Шесть лет назад Ге ехал до Варшавы в карете, обедал в деревенских харчевнях, ночевал на постоялых дворах. Теперь громко перестукиваются под вагоном колеса: железная дорога Варшава — Петербург. Ге беспокойно: за шесть лет многое изменилось.

В Италии, еще в Риме, зашел к нему в мастерскую красивый, седобородый старик, разглядывал его эскизы, этюды, бормотал:

— Как это ново, однако! Как необычно!

Ге перебил его с досадой:

— Это старо, подражательно. Вот это, например, я писал под влиянием Брюллова.

— Я не знаю Брюллова, — сказал старик и, взяв Ге под руку, добавил мягко. — Не удивляйтесь, друг мой, я оставил русское искусство во времена Ореста Кипренского.

Это был князь Волконский, декабрист.

На академической выставке 1863 года вместе с «Тайней вечерей» будет выставлен «Неравный брак» Пукирева.

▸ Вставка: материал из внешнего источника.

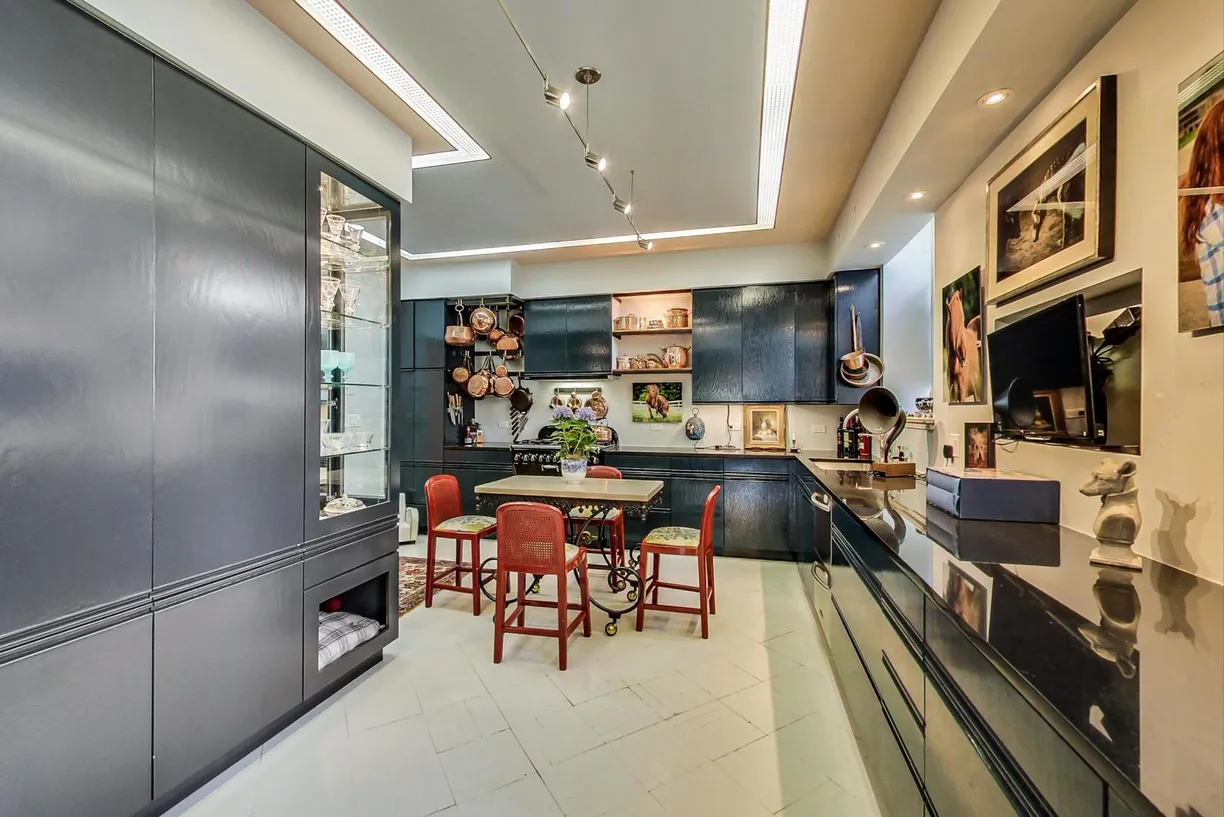 Chicago Real Estate | View 1301 N Astor Street, 5 | Listing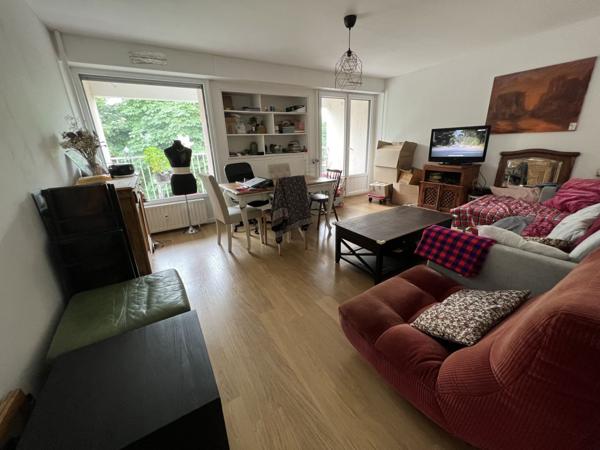 Vente
                Appartement66 m² - 3 Pièces -
                    RONCHIN (59790)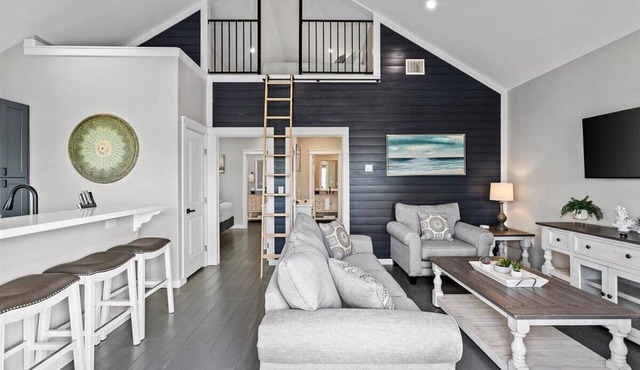 Pet Friendly! Walk to Beach!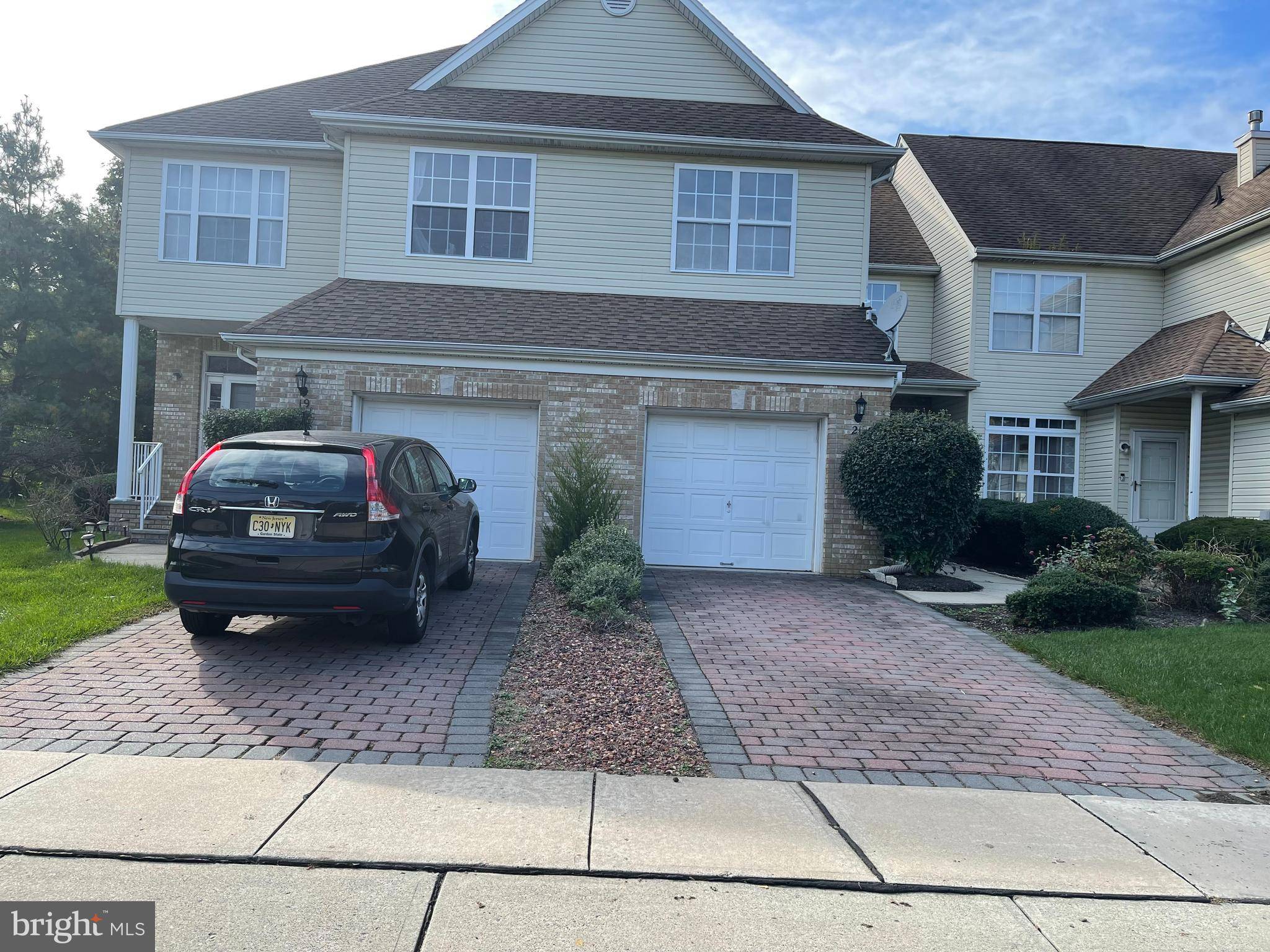 21 SHELLEY CIR, East Windsor, NJ 08520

К 1863 году уже открыл себя Перов; русская публика успела оценить запрещенный «Сельский крестный ход на Пасхе», написано «Чаепитие в Мытищах». В Петербурге, куда держал путь Ге, читали «Что делать?» Чернышевского, переданное из Петропавловской крепости, переданные из той же крепости статьи Писарева. В Петербурге запоем читали также Сеченова — «Рефлексы головного мозга». Ходили по рукам листки «Земли и воли».

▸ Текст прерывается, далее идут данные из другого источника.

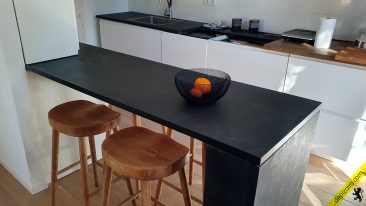 Encimera piedra natural.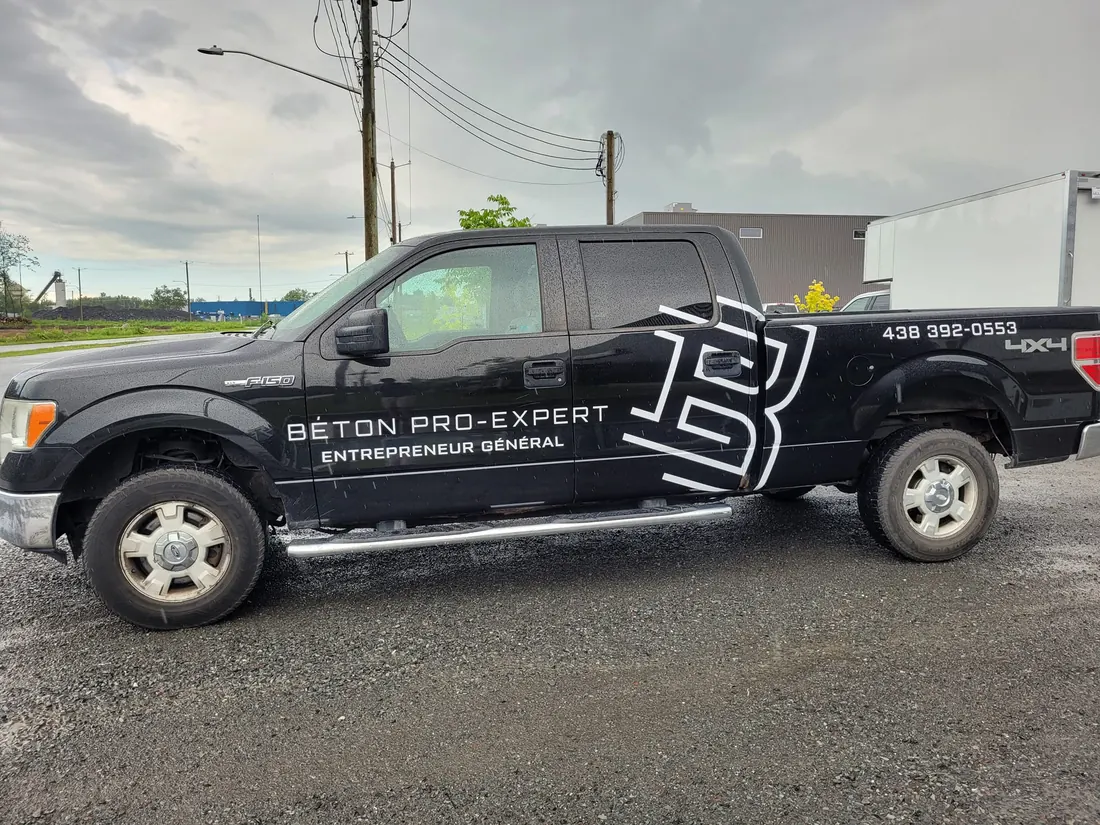 Camion de Béton Pro-Expert sur un chantier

За шесть лет появилась не только железная дорога Варшава — Петербург.

Знаменательно, что именно в это время — Перова и Пукирева, Чернышевского и Писарева — картину Ге встретят, как «великую искренность». О Ге скажут: «громадный», «колоссальный талант», что всего ценнее — «независимый талант». Независимость — уже много. Но не окончательный итог. Это одновременно результат и начало поисков. Начинается «мучительная работа, которая наполняет в жизни художника все его помыслы». «Мы постоянно должны открывать, узнавать, отыскивать!» — скажет Ге через десятилетия, вступая в последний месяц жизни.

…В воспоминаниях брата Ге, бесстрастных и, наверно, оттого — недобрых, рассказывается, что в детстве Николай не выказывал творческой одаренности: он лишь терпеливо копировал картинки из иллюстрированных журналов.